Note In libKriging the Bayesian approach will be used only to provide alternatives to the ML estimation of the range or correlation parameters. The Bayesian inference on these parameters will not be achieved. Rather than the profile likelihood, a so-called marginal likelihood will be used.

In this section we switch to a Bayesian style of notations. The vector of parameters is formed by three blocks: the vector \(\boldsymbol{\theta}\) of correlation ranges, the GP variance \(\sigma^2\) and the vector \(\boldsymbol{\beta}\) of trend parameters. A major concern is the elicitation of the prior density \(\pi(\boldsymbol{\theta}, \, \sigma^2, \,\boldsymbol{\beta})\).

Objective priors of Gu et al

A natural idea is that the prior should not provide information about \(\boldsymbol{\beta}\), implying the use of improper probability densities. With the factorization

\[ \pi(\boldsymbol{\theta}, \, \sigma^2, \,\boldsymbol{\beta}) = \pi(\boldsymbol{\beta} \, \vert \, \boldsymbol{\theta}, \,\sigma^2) \times \pi(\boldsymbol{\theta}, \, \sigma^2), \]

a further assumption is that the trend parameter vector \(\boldsymbol{\beta}\) is a priori independent of the covariance parameters \(\boldsymbol{\theta}\) and \(\sigma^2\), and that the prior for \(\boldsymbol{\beta}\) is an improper prior with constant density

\[ \pi(\boldsymbol{\beta} \, \vert \, \boldsymbol{\theta}, \sigma^2) = \pi(\boldsymbol{\beta}) \propto 1. \]

Then the problem boils down to the choice of the joint prior \(\pi(\boldsymbol{\theta}, \, \sigma^2)\).

In the case where no nugget or noise is used, an interesting choice is

\[ \tag{1} \pi(\boldsymbol{\theta}, \, \sigma^2) = \frac{\pi(\boldsymbol{\theta})}{(\sigma^2)^a} \]

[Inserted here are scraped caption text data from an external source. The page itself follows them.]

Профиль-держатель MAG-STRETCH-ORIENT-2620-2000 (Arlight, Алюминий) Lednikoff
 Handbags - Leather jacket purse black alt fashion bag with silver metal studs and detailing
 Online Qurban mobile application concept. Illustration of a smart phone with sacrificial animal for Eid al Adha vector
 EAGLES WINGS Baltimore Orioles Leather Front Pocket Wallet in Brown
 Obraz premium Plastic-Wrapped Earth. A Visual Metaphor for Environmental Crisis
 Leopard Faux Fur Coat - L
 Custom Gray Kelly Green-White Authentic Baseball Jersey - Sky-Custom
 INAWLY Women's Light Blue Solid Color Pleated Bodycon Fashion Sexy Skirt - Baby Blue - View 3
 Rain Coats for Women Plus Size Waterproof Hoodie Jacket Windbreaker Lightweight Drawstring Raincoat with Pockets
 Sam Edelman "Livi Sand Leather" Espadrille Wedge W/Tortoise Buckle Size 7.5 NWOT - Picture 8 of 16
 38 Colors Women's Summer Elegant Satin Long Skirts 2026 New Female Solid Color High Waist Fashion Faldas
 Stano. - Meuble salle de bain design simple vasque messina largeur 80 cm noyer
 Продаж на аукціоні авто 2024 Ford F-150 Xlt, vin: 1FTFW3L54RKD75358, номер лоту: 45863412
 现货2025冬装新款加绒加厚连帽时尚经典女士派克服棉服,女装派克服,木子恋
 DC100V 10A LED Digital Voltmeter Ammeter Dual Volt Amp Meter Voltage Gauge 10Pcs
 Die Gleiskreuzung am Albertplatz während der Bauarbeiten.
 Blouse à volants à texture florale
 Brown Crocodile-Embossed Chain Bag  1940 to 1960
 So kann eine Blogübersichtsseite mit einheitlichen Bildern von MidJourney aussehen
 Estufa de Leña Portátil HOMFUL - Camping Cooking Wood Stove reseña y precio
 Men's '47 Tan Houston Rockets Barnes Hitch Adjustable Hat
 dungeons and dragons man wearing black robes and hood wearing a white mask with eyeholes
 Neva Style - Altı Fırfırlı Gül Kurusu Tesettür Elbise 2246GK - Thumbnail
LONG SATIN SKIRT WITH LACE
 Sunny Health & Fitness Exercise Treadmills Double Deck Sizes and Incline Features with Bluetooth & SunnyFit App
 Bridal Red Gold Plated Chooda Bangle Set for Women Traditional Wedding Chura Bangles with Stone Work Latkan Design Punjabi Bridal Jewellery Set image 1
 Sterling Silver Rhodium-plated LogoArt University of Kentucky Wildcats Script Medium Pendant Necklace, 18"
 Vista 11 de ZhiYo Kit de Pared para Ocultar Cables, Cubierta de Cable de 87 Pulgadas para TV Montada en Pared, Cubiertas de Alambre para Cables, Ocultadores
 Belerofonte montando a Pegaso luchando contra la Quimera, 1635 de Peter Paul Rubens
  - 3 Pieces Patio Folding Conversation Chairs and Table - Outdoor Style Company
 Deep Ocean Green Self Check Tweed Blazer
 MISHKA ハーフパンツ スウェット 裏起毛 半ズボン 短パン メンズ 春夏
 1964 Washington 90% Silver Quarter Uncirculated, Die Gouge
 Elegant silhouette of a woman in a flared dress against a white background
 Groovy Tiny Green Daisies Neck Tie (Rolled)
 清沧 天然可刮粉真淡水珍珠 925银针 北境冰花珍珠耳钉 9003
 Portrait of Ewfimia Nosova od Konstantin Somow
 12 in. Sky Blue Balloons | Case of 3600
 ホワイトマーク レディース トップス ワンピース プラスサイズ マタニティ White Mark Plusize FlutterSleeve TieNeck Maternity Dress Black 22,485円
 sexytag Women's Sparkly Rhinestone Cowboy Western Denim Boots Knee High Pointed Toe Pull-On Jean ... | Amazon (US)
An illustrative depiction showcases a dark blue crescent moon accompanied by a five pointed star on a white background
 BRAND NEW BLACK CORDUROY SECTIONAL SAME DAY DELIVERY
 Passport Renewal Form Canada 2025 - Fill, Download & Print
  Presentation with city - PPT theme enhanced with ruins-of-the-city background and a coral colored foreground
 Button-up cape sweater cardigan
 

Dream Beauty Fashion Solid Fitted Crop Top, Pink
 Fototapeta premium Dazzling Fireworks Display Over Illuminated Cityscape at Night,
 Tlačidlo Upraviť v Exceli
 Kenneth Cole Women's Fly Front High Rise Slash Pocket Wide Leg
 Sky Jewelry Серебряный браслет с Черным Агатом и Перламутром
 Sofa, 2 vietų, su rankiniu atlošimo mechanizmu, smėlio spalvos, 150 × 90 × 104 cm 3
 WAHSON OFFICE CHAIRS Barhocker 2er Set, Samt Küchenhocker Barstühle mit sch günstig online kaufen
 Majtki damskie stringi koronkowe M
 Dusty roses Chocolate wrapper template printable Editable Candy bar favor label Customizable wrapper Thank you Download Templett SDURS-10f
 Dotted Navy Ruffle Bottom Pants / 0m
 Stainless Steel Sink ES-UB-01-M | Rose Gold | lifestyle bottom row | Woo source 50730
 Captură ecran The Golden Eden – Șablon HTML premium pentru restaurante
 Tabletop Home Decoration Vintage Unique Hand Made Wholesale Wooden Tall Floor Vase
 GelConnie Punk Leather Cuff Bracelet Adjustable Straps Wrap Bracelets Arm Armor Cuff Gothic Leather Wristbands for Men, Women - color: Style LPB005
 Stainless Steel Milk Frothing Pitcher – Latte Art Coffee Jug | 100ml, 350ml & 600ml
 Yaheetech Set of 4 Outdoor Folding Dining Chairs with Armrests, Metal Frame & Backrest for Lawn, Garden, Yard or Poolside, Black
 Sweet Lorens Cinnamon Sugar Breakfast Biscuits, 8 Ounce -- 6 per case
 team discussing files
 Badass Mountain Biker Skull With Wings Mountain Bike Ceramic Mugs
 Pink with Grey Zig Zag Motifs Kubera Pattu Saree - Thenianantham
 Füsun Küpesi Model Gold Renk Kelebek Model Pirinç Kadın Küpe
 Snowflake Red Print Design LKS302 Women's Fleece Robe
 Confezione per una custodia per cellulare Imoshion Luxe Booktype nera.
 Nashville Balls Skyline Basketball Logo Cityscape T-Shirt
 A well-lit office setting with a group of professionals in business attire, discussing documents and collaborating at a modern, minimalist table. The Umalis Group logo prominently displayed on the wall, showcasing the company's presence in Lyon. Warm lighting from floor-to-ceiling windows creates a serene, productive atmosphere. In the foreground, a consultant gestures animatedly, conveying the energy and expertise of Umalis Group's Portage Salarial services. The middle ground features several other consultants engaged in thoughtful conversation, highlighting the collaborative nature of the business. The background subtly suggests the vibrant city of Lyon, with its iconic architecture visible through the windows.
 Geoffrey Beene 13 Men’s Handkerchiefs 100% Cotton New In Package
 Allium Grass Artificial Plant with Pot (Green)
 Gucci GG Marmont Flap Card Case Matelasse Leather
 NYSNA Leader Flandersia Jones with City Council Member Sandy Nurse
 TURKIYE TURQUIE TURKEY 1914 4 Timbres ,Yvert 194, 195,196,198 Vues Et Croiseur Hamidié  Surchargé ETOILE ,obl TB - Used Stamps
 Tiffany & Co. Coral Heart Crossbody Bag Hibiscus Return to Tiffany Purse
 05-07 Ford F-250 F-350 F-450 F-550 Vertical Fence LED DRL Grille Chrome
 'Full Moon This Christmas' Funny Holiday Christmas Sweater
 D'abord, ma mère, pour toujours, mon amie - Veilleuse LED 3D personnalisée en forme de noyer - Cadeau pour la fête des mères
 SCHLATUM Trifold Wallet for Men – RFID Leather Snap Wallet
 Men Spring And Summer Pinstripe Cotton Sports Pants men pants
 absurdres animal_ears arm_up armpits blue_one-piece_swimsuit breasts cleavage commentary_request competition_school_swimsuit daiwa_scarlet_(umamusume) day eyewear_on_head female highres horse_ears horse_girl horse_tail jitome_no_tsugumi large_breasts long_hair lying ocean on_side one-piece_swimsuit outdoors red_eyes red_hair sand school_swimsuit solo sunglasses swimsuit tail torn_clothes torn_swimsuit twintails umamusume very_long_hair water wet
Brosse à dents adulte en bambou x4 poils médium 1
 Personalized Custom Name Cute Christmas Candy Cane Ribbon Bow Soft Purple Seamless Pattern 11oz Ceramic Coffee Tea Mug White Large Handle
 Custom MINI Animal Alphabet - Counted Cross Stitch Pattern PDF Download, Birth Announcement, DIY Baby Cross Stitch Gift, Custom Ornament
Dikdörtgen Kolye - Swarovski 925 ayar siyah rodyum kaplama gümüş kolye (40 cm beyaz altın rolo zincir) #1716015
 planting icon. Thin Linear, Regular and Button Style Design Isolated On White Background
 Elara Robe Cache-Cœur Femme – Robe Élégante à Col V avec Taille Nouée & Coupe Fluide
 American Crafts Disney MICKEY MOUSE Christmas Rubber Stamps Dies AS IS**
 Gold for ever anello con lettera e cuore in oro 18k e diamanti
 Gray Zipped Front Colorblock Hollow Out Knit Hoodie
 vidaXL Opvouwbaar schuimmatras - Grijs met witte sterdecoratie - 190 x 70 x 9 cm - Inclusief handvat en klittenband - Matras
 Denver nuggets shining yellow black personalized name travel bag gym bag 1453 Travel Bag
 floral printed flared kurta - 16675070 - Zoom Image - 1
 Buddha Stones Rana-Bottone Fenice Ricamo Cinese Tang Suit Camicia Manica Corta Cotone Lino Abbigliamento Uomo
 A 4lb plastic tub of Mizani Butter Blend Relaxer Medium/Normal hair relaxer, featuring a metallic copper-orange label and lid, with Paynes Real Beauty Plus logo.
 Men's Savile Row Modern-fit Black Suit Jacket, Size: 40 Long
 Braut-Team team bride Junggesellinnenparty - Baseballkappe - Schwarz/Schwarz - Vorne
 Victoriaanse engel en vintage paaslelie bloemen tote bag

with \(a >0\). With this specific form the result of the integration of the likelihood or of the posterior density with respect to \(\sigma^2\) and \(\boldsymbol{\beta}\) is then known in closed form.

Fit: Bayesian marginal analysis

In the Kriging case, the marginal likelihood a.k.a. integrated likelihood for \(\boldsymbol{\theta}\) is obtained by marginalizing the GP variance \(\sigma^2\) and the trend parameter vector \(\boldsymbol{\beta}\) out of the likelihood according to

\[ L_{\texttt{marg}}(\boldsymbol{\theta};\,\mathbf{y}) := p(\mathbf{y} \, \vert \, \boldsymbol{\theta}) \propto \int p(\mathbf{y} \, \vert \,\boldsymbol{\theta}, \, \sigma^2, \, \boldsymbol{\beta}) \, \frac{1}{\sigma^{2a}} \, \text{d}\sigma^2\, \text{d}\boldsymbol{\beta}, \]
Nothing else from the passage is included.